Source data>
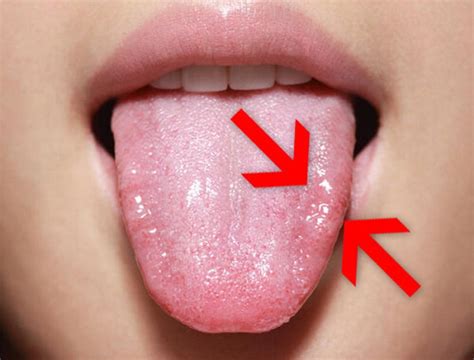 Почему болит язык по бокам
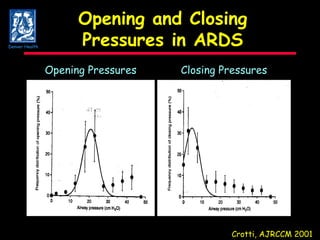 Opening and Closing Pressures in ARDS Crotti, AJRCCM 2001 Opening Pressures Closing Pressures Denver Health 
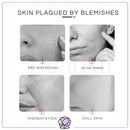 Vichy Liftactiv Supreme HA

Try it>
What you need to copy is the run of lines from the one holding "Opening and Closing" through the end of the data, exactly and only, both ends included, pictures omitted.

Result of the task>
 Opening and Closing Pressures in ARDS Crotti, AJRCCM 2001 Opening Pressures Closing Pressures Denver Health 
 Vichy Liftactiv Supreme HA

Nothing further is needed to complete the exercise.